How old are your rabbits? They shouldn't need large amounts of pellets. I feed only 3-4 pellets to each of my rabbits, twice a day, and that's all they need. I just make sure they have loads of fresh hay and they are fine.


----------



## emzybabe (Jun 30, 2009)

you need to use good quality wire mesh not chicken wire all over the run area. Keep the rabbit food indoors in a plastic box, only feed them enough so that they eat it all within 10mins (this is more than enough rabbit food) Keep all hay etc off the ground and sweep up well.


----------



## Guest (Oct 3, 2010)

with the cold weather coming rats are on the move looking for food


----------



## MissusMayhem (Aug 14, 2010)

emzybabe said:


> you need to use good quality wire mesh not chicken wire all over the run area. Keep the rabbit food indoors in a plastic box, only feed them enough so that they eat it all within 10mins (this is more than enough rabbit food) Keep all hay etc off the ground and sweep up well.


they dont have their runs at the moment because its too wet and soggy they come in the house to play for a few hours a day 
so the hutch area is well swept and they only have food in the morning (as its usually gone by dinner when i go out to sweep) the food is kept inside in a food bin with a lid because we had to keep it out of the way of the pup

i really dont think the rats have anything to do with us i think next door are just over reacting lol for all we know it could have been a mouse! 
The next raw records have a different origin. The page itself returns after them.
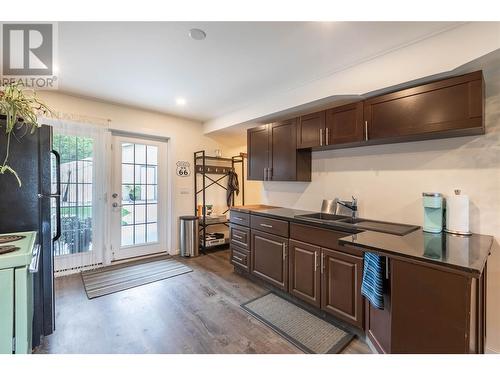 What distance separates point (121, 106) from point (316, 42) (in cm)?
299

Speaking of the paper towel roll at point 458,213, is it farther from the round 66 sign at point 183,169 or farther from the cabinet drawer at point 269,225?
the round 66 sign at point 183,169

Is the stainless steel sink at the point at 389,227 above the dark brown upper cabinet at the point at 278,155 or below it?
below

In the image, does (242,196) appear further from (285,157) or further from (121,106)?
(121,106)

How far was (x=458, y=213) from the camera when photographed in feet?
5.74

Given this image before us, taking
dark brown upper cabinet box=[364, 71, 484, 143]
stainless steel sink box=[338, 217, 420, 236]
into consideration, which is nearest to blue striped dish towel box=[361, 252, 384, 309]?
stainless steel sink box=[338, 217, 420, 236]

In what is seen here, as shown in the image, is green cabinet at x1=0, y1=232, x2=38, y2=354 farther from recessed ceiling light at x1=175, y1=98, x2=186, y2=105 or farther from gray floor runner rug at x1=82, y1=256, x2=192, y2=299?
recessed ceiling light at x1=175, y1=98, x2=186, y2=105

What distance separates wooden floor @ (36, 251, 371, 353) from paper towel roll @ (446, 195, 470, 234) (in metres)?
1.15

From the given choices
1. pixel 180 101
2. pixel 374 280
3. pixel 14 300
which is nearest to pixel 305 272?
pixel 374 280

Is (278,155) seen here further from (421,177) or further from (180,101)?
(180,101)

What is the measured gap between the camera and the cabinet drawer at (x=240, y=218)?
3023 mm

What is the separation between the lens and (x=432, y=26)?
5.56 feet

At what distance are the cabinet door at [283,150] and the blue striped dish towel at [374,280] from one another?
1386 mm

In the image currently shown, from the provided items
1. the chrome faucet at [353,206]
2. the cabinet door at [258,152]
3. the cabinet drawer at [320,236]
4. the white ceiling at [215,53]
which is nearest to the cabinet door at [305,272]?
the cabinet drawer at [320,236]

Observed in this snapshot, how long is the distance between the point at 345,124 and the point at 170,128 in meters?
2.95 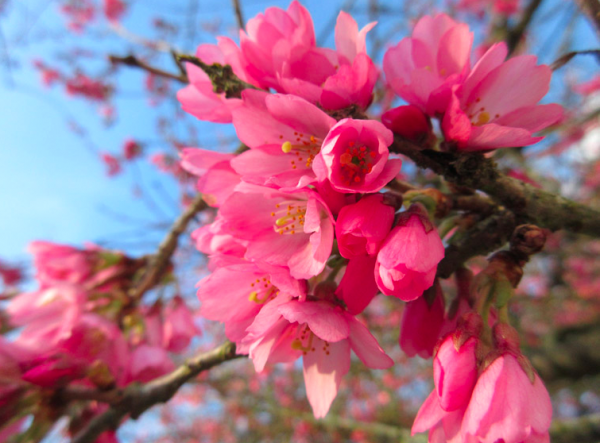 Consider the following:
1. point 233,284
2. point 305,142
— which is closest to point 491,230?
point 305,142

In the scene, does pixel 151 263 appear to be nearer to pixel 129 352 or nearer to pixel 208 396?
pixel 129 352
i have pulled the hutch away from the wall and put the stand on some bricks so that it isnt warm an cosy underneath for rats but thats all i can do to help theres nothing else that could attract rats ...


----------



## Rini (Jun 23, 2010)

Its possible your rabbits are attracting them as with any animal, there is food and waist there. My neighbour's neighbour had a go at us when our rabbit was outside and got the neighbours to stop feeding the birds as they said they saw a rat.... but they were just retarded... we live in the countryside..... of course there are going to be mice and rats... so now we feed the birds too ^.^ haha


----------



## MissusMayhem (Aug 14, 2010)

Rini said:


> Its possible your rabbits are attracting them as with any animal, there is food and waist there. My neighbour's neighbour had a go at us when our rabbit was outside and got the neighbours to stop feeding the birds as they said they saw a rat.... but they were just retarded... we live in the countryside..... of course there are going to be mice and rats... so now we feed the birds too ^.^ haha


they chuck allsorts on their grass for the bird from bread to bacon fat.... its like hello what will rats like more .... rabbit food or a bit of your left over cheese sarny from lunch?


----------